Records provided section start

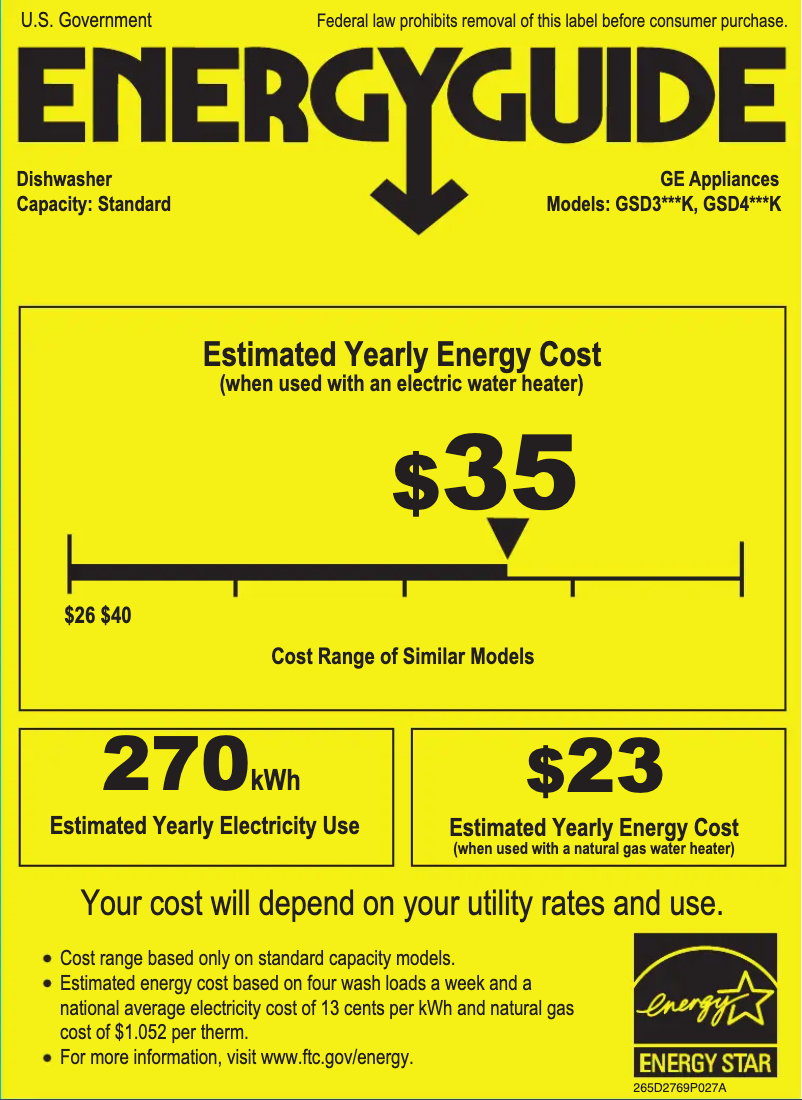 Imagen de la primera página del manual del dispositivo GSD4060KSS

Records provided section end
Records provided section start

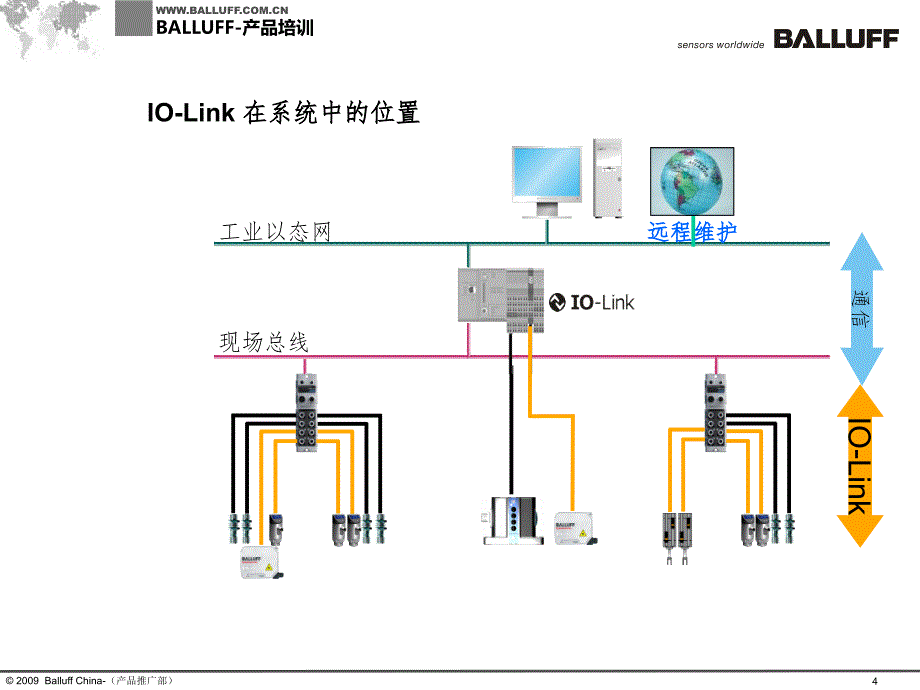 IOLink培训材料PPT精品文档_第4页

Records provided section end
Records provided section start

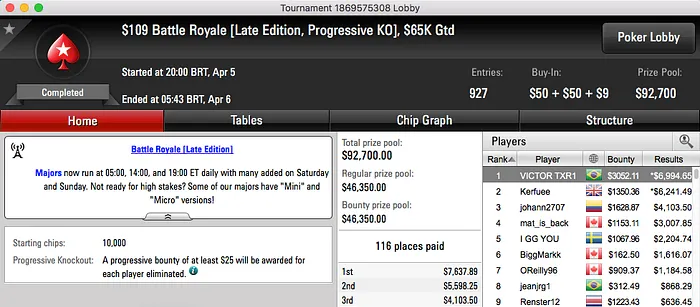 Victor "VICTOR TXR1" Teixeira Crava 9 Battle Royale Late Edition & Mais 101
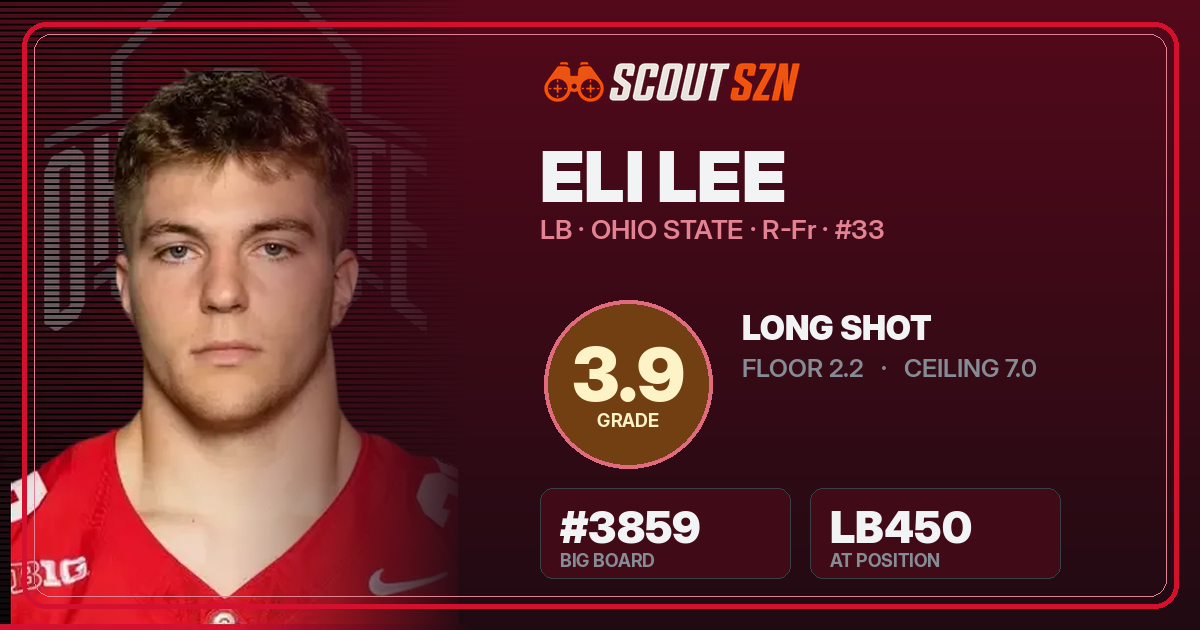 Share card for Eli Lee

Records provided section end

**What to produce:**
Only the lines starting at the one that includes "Edition & Mais 101" and ending at the one that includes "Share card for Eli Lee" should be retyped, exactly, from the records above; no pictures.

**Task response:**
 Victor "VICTOR TXR1" Teixeira Crava 9 Battle Royale Late Edition & Mais 101
 Share card for Eli Lee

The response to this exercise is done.